As soon as her father had seen her, he had fallen head over heels in love with her.
The daughter of the Duke of Netherton, she had been expected to make a distinguished marriage and then to everyone’s great surprise she had married Lord Creswell with his fine family tree but very little money.
There was little doubt that because he was just so handsome and so charming nothing mattered to either of them except to be together.
As the years passed they became poorer and poorer, but it never troubled them.
They laughed whenever things went right and when things went wrong and they were blissfully happy not only with themselves but with their two children.
There was little doubt that Robbie was as good-looking and as intelligent as his father and Wenda was an adorable beautiful baby looking like a small round angel.
She grew up as the years passed to look more and more like her mother.
Unfortunately by the time Wenda should have burst upon London Society, her father was dead and her mother died very shortly afterwards.
Wenda had always believed that it was impossible for them to be apart and she was sure that when they were dead they would find each other again.
Her father had caught a virulent disease at the time when he was inspecting foreign ships entering the Port of London from the East at the request of the Government.

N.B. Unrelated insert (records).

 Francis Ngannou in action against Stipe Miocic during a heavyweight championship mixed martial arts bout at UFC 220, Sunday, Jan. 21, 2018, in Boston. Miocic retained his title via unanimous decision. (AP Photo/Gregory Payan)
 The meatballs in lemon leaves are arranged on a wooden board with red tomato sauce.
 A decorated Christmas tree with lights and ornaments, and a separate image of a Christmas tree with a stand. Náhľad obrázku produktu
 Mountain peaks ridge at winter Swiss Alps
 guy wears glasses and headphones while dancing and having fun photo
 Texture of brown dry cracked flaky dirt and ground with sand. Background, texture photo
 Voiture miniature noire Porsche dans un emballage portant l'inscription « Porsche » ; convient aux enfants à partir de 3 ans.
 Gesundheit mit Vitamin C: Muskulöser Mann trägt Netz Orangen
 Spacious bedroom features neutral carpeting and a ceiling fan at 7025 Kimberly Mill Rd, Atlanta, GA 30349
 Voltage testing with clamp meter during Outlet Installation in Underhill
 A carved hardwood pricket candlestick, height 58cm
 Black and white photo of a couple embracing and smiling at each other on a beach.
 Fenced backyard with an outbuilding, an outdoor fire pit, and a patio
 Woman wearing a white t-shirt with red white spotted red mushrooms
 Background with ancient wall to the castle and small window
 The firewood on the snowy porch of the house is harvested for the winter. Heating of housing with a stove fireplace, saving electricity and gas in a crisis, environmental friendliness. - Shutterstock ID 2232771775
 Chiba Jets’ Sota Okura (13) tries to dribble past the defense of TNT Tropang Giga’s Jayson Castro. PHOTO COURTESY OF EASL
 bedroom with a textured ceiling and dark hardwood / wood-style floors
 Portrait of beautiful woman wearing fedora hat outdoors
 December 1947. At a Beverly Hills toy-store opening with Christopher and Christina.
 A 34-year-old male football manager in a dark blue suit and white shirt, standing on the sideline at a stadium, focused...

There had been stories of drugs smuggled ashore for large sums of money as well as other articles banned by Parliament and it was in China Town in the East End of London that Lord Creswell had inspected a ship from China and discovered a large amount of drugs and untested foods.
To prove to himself they were right in arresting the Captain of the ship he had tasted the foods himself and in doing so contracted an Eastern disease for which there was no cure.